Task details =>
Would you repeat every line of the material exactly?

Dataset extract =>
#####

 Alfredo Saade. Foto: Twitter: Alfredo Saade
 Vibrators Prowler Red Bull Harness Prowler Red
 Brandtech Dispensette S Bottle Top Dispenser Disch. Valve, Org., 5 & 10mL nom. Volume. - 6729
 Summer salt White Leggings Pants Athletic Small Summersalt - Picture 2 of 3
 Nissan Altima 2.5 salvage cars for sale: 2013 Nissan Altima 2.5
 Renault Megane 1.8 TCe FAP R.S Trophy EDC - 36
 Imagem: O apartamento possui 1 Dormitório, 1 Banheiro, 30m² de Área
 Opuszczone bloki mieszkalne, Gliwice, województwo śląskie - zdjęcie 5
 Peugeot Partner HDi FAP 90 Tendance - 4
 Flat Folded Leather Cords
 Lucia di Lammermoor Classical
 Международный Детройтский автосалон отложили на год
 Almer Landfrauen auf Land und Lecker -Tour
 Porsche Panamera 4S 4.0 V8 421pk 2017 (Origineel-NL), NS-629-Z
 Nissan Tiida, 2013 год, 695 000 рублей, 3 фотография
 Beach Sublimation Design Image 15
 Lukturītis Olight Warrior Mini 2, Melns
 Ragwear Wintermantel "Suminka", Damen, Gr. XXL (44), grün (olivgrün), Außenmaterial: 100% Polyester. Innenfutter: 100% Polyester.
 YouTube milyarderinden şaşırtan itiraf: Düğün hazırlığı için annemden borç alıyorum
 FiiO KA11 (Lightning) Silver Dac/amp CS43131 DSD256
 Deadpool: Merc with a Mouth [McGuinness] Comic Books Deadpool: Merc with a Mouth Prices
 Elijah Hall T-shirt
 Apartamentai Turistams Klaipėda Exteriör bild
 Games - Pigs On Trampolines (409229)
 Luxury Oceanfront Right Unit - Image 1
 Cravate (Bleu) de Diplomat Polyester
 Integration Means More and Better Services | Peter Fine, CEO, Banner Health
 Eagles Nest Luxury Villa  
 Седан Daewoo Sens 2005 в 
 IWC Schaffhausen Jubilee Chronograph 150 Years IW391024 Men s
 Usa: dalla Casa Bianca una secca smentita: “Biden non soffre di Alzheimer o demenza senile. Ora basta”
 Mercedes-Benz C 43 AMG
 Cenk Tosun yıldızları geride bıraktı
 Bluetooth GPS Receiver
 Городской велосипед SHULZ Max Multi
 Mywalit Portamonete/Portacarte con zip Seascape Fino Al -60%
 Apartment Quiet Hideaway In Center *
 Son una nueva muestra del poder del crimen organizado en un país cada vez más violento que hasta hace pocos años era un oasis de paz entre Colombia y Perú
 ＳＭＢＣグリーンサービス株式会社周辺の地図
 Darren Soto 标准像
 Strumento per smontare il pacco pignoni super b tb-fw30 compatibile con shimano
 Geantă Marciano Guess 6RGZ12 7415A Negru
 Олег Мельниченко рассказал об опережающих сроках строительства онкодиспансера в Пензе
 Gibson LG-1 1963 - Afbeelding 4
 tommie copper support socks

#####

Answer below =>
 Alfredo Saade. Foto: Twitter: Alfredo Saade
 Vibrators Prowler Red Bull Harness Prowler Red
 Brandtech Dispensette S Bottle Top Dispenser Disch. Valve, Org., 5 & 10mL nom. Volume. - 6729
 Summer salt White Leggings Pants Athletic Small Summersalt - Picture 2 of 3
 Nissan Altima 2.5 salvage cars for sale: 2013 Nissan Altima 2.5
 Renault Megane 1.8 TCe FAP R.S Trophy EDC - 36
 Imagem: O apartamento possui 1 Dormitório, 1 Banheiro, 30m² de Área
 Opuszczone bloki mieszkalne, Gliwice, województwo śląskie - zdjęcie 5
 Peugeot Partner HDi FAP 90 Tendance - 4
 Flat Folded Leather Cords
 Lucia di Lammermoor Classical
 Международный Детройтский автосалон отложили на год
 Almer Landfrauen auf Land und Lecker -Tour
 Porsche Panamera 4S 4.0 V8 421pk 2017 (Origineel-NL), NS-629-Z
 Nissan Tiida, 2013 год, 695 000 рублей, 3 фотография
 Beach Sublimation Design Image 15
 Lukturītis Olight Warrior Mini 2, Melns
 Ragwear Wintermantel "Suminka", Damen, Gr. XXL (44), grün (olivgrün), Außenmaterial: 100% Polyester. Innenfutter: 100% Polyester.
 YouTube milyarderinden şaşırtan itiraf: Düğün hazırlığı için annemden borç alıyorum
 FiiO KA11 (Lightning) Silver Dac/amp CS43131 DSD256
 Deadpool: Merc with a Mouth [McGuinness] Comic Books Deadpool: Merc with a Mouth Prices
 Elijah Hall T-shirt
 Apartamentai Turistams Klaipėda Exteriör bild
 Games - Pigs On Trampolines (409229)
 Luxury Oceanfront Right Unit - Image 1
 Cravate (Bleu) de Diplomat Polyester
 Integration Means More and Better Services | Peter Fine, CEO, Banner Health
 Eagles Nest Luxury Villa  
 Седан Daewoo Sens 2005 в 
 IWC Schaffhausen Jubilee Chronograph 150 Years IW391024 Men s
 Usa: dalla Casa Bianca una secca smentita: “Biden non soffre di Alzheimer o demenza senile. Ora basta”
 Mercedes-Benz C 43 AMG
 Cenk Tosun yıldızları geride bıraktı
 Bluetooth GPS Receiver
 Городской велосипед SHULZ Max Multi
 Mywalit Portamonete/Portacarte con zip Seascape Fino Al -60%
 Apartment Quiet Hideaway In Center *
 Son una nueva muestra del poder del crimen organizado en un país cada vez más violento que hasta hace pocos años era un oasis de paz entre Colombia y Perú
 ＳＭＢＣグリーンサービス株式会社周辺の地図
 Darren Soto 标准像
 Strumento per smontare il pacco pignoni super b tb-fw30 compatibile con shimano
 Geantă Marciano Guess 6RGZ12 7415A Negru
 Олег Мельниченко рассказал об опережающих сроках строительства онкодиспансера в Пензе
 Gibson LG-1 1963 - Afbeelding 4
 tommie copper support socks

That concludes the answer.